■ **Exercise instructions**
Output all records exactly, with no images.
━━━━━ Data in this exercise
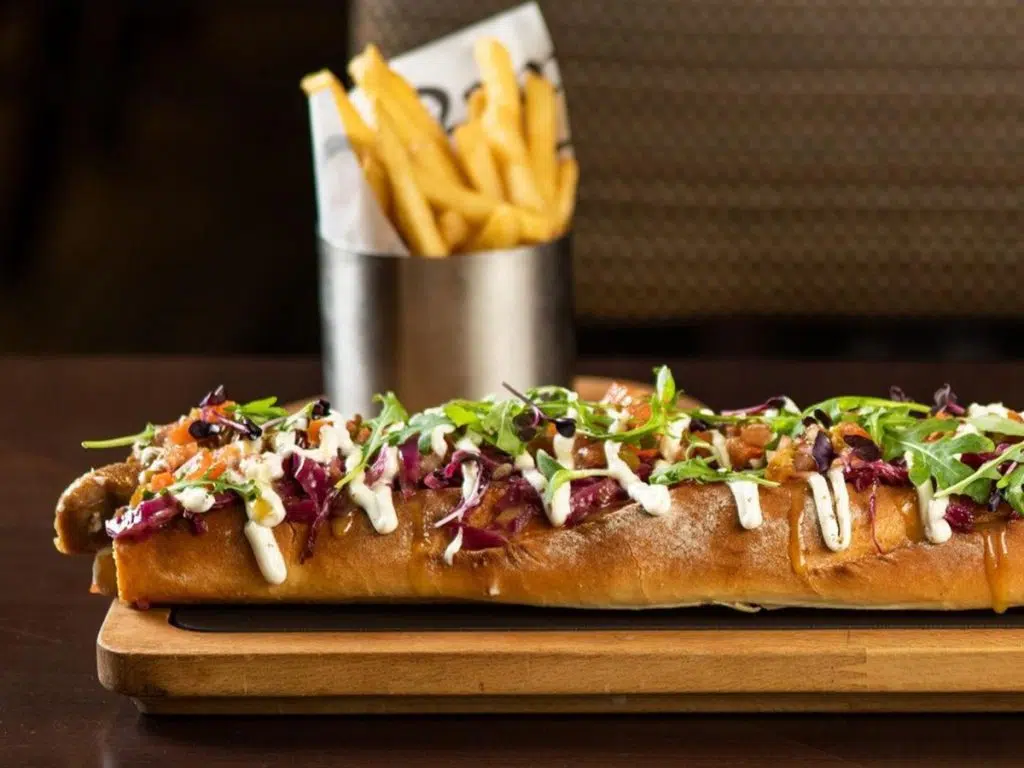 bostons hot dog 1024x768 1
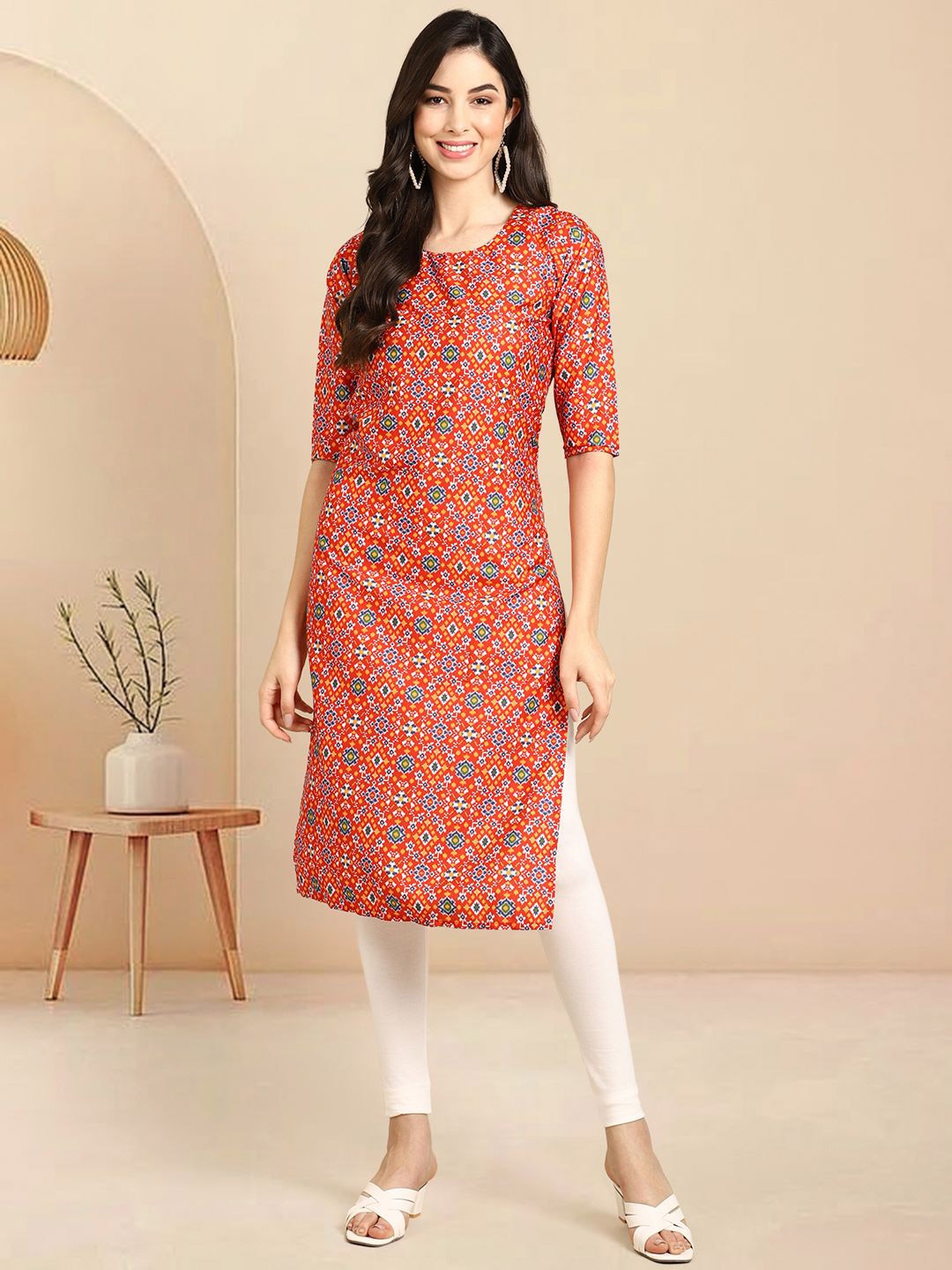 

Moda Rapido Women Printed Straight Kurta, Red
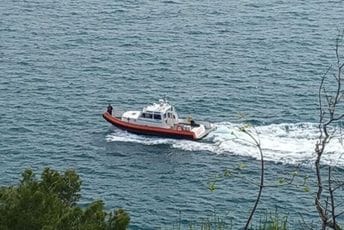 Ronioca usmrtio propeler, policija traga za osobom koja je upravljala plovilom Ronioca usmrtio propeler, policija traga za osobom koja je upravljala plovilom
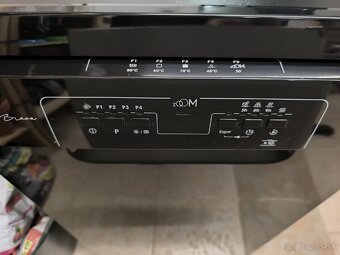 Umývačka riadu Candy používaná rok - 2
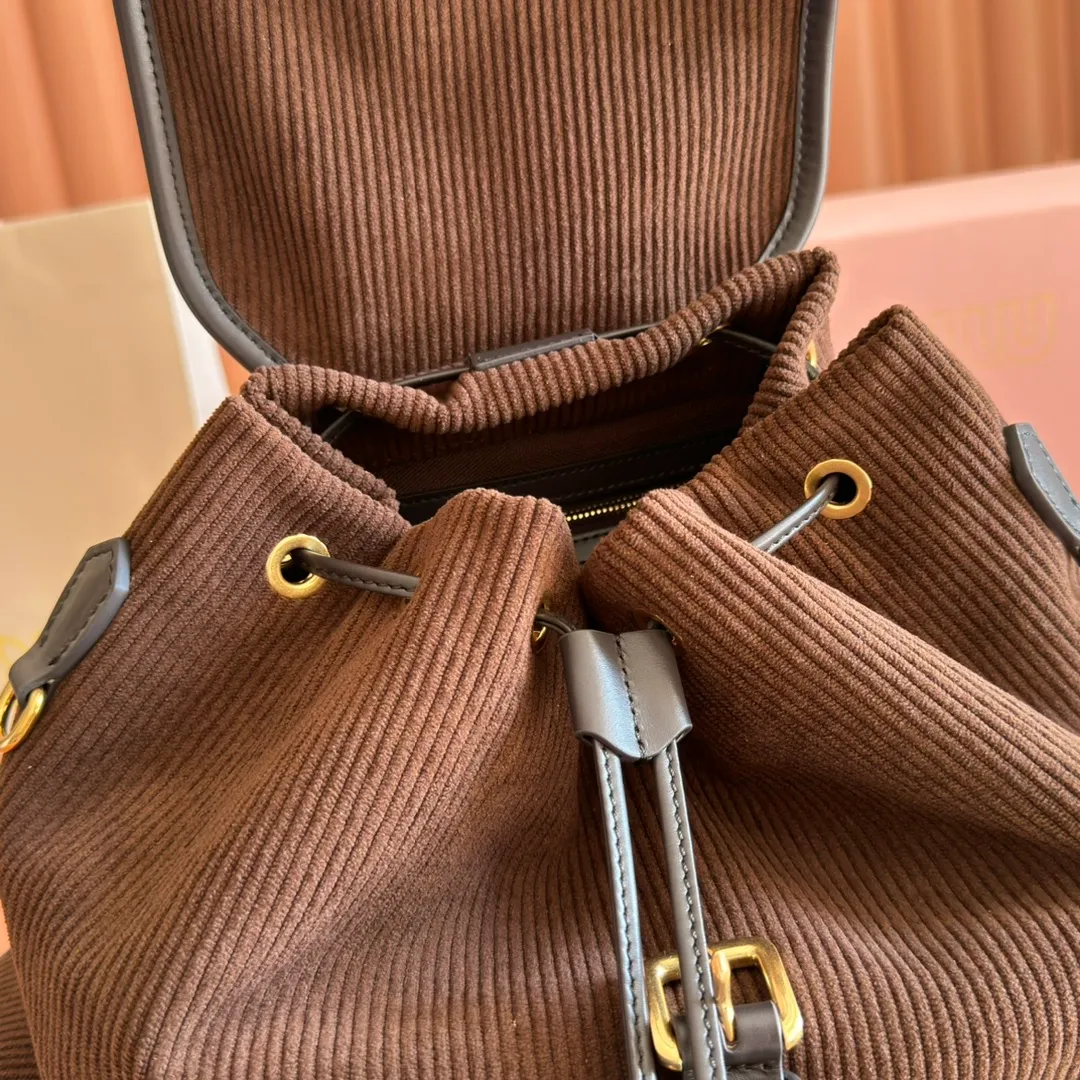 p1700. 💋💋💋【Configured with full package at counter】MIU Home new product college style backpack, the perfect combination of canvas and imported calfskin, thick wear-resistant linen blend lining, adopts a casual design style, fashionable, simple and advanced, combined with exquisite handcrafts, adding multiple pockets for storage, the shoulder strap and hand bag can be freely converted, which is a great convenience Improved practicality, it is simply a tool for dressing. It can be worn with jeans, shirts or various casual sportswear. It is a very good item to wear, especially the capacity is large enough and it is light and easy to use. I highly recommend it. Model: 5bz042, size 29.5x25x12.5cm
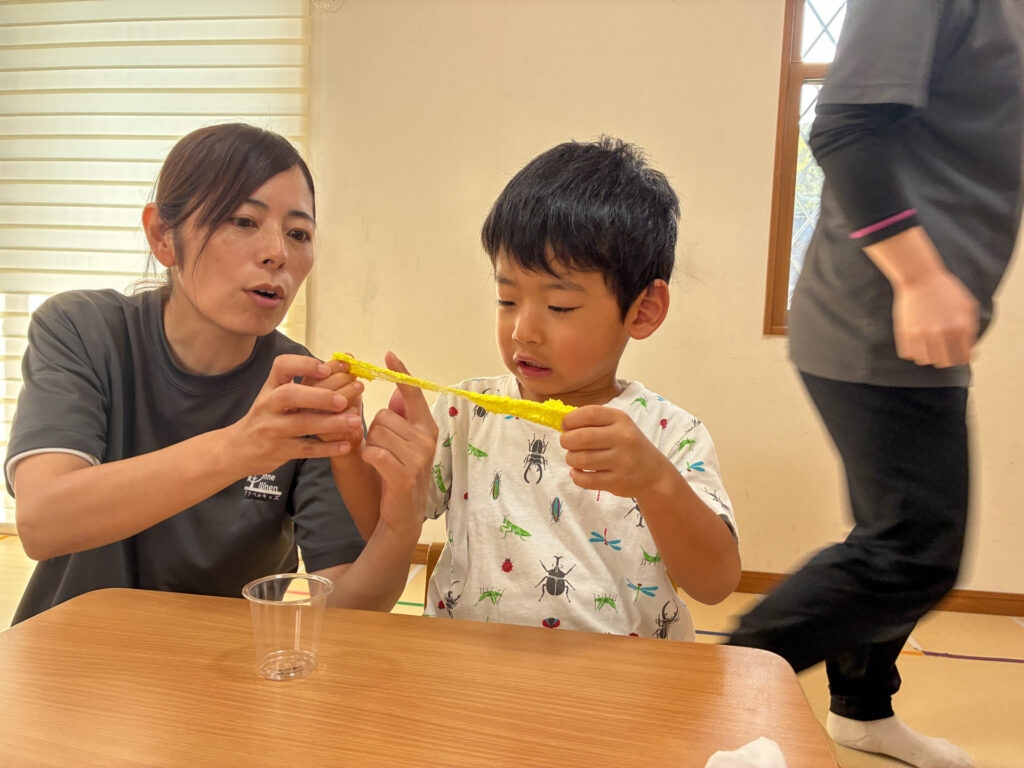 つぶつぶ粘土でアイスクリーム・パフェ作りの様子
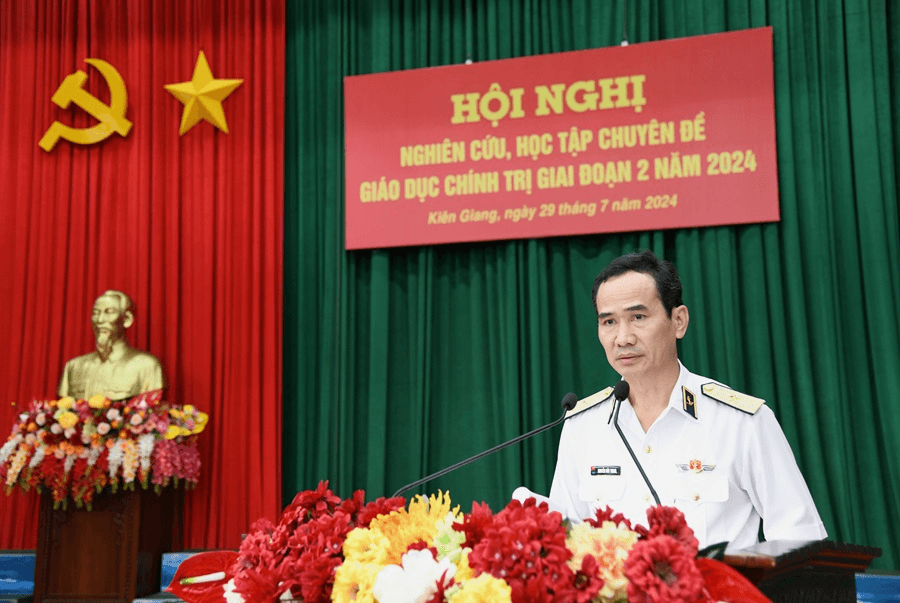 Bộ tư lệnh Vùng 5 Hải quân nghiên cứu, học tập các chuyên đề giáo dục chính trị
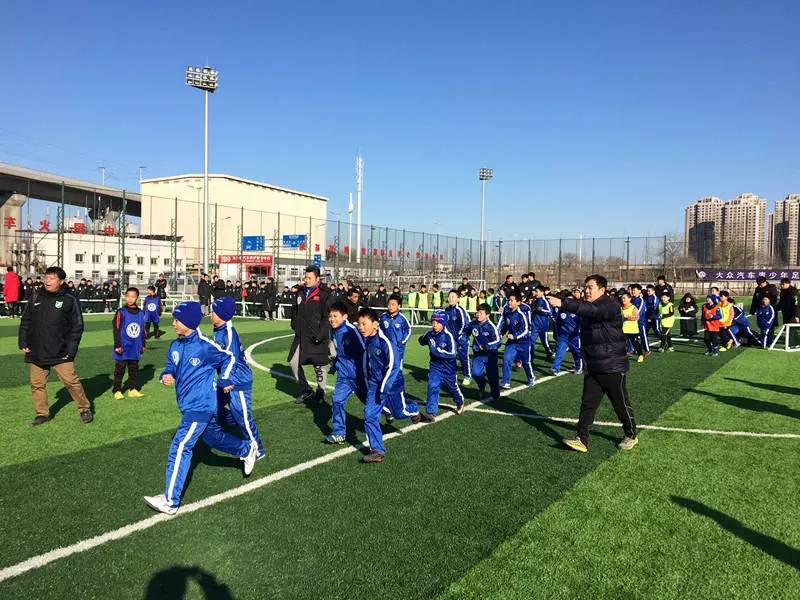 左树声刚进天津队照片,左树声天津队踢球视频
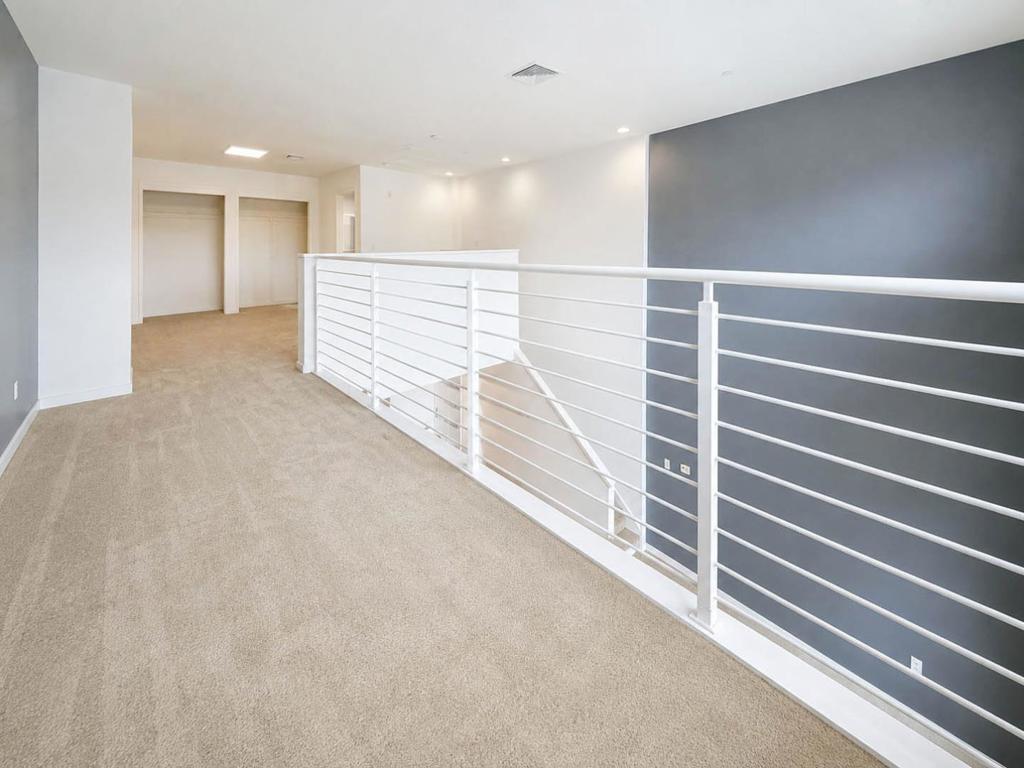 1351 El Camino Real Property Photo 11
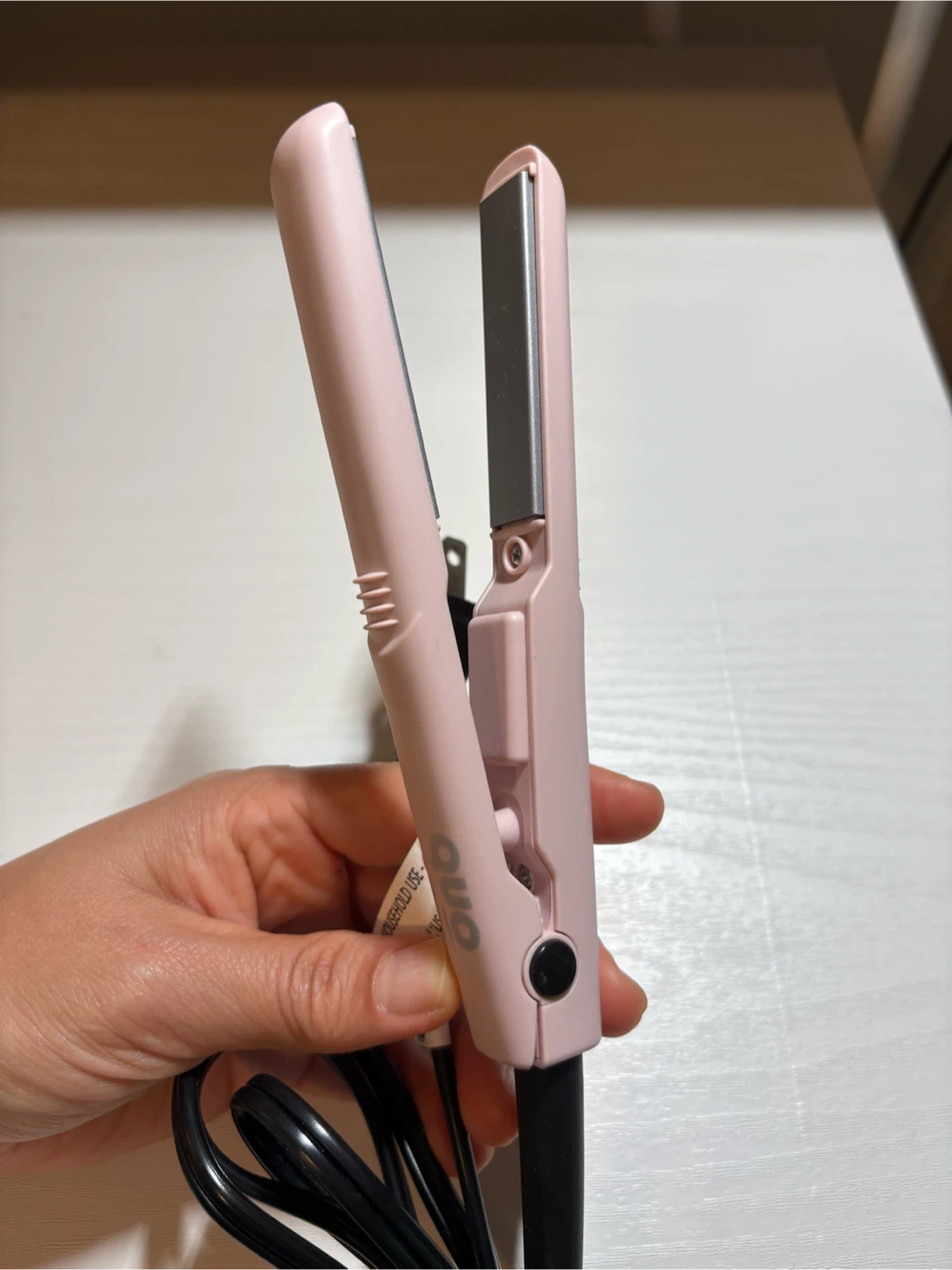 QUO Pink Mini Hair Straightener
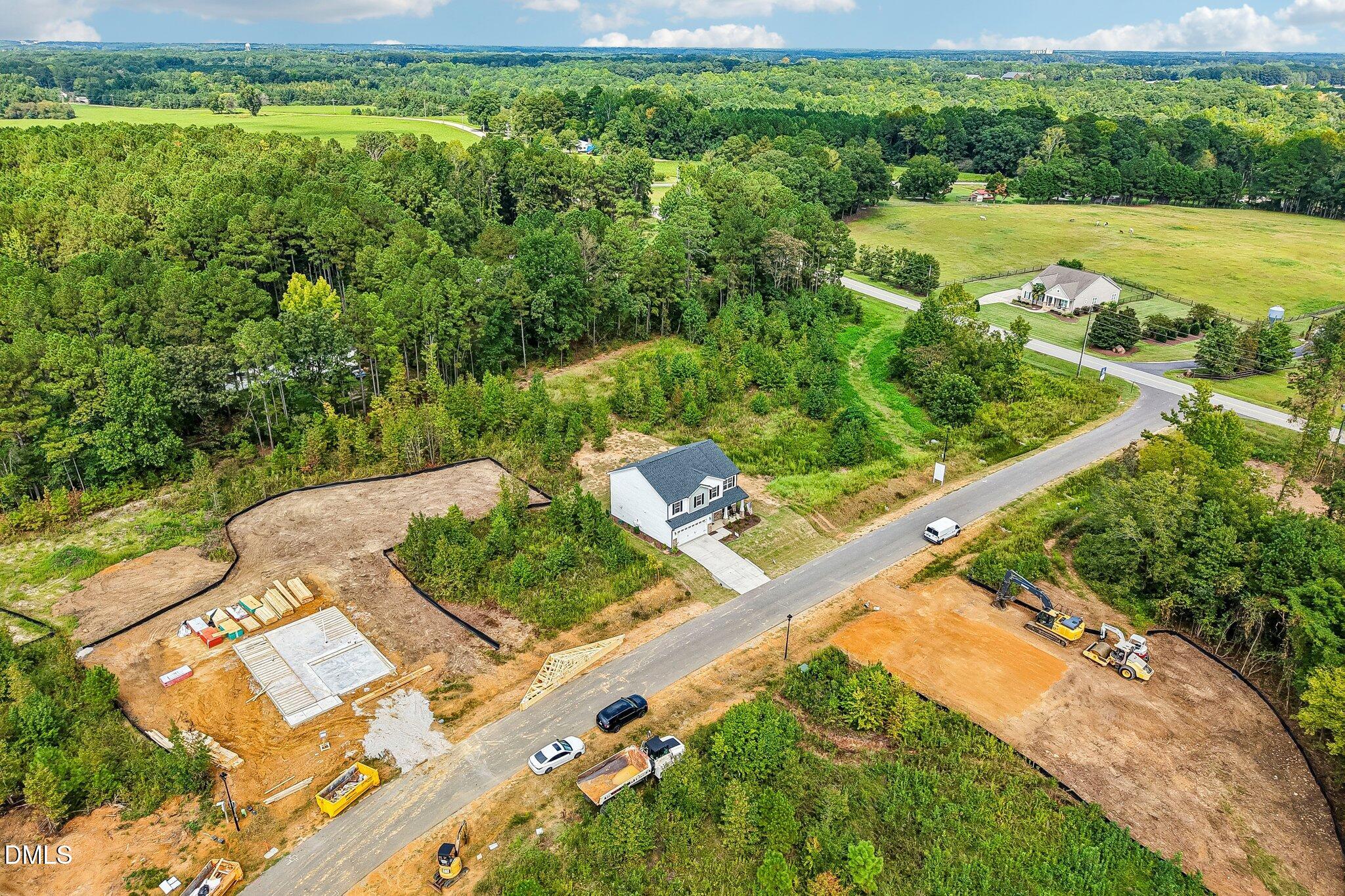 main property photo 33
━━━━━━━━━━
■ **Task solution**
 bostons hot dog 1024x768 1

Moda Rapido Women Printed Straight Kurta, Red
 Ronioca usmrtio propeler, policija traga za osobom koja je upravljala plovilom Ronioca usmrtio propeler, policija traga za osobom koja je upravljala plovilom
 Umývačka riadu Candy používaná rok - 2
 p1700. 💋💋💋【Configured with full package at counter】MIU Home new product college style backpack, the perfect combination of canvas and imported calfskin, thick wear-resistant linen blend lining, adopts a casual design style, fashionable, simple and advanced, combined with exquisite handcrafts, adding multiple pockets for storage, the shoulder strap and hand bag can be freely converted, which is a great convenience Improved practicality, it is simply a tool for dressing. It can be worn with jeans, shirts or various casual sportswear. It is a very good item to wear, especially the capacity is large enough and it is light and easy to use. I highly recommend it. Model: 5bz042, size 29.5x25x12.5cm
 つぶつぶ粘土でアイスクリーム・パフェ作りの様子
 Bộ tư lệnh Vùng 5 Hải quân nghiên cứu, học tập các chuyên đề giáo dục chính trị
 左树声刚进天津队照片,左树声天津队踢球视频
 1351 El Camino Real Property Photo 11
 QUO Pink Mini Hair Straightener
 main property photo 33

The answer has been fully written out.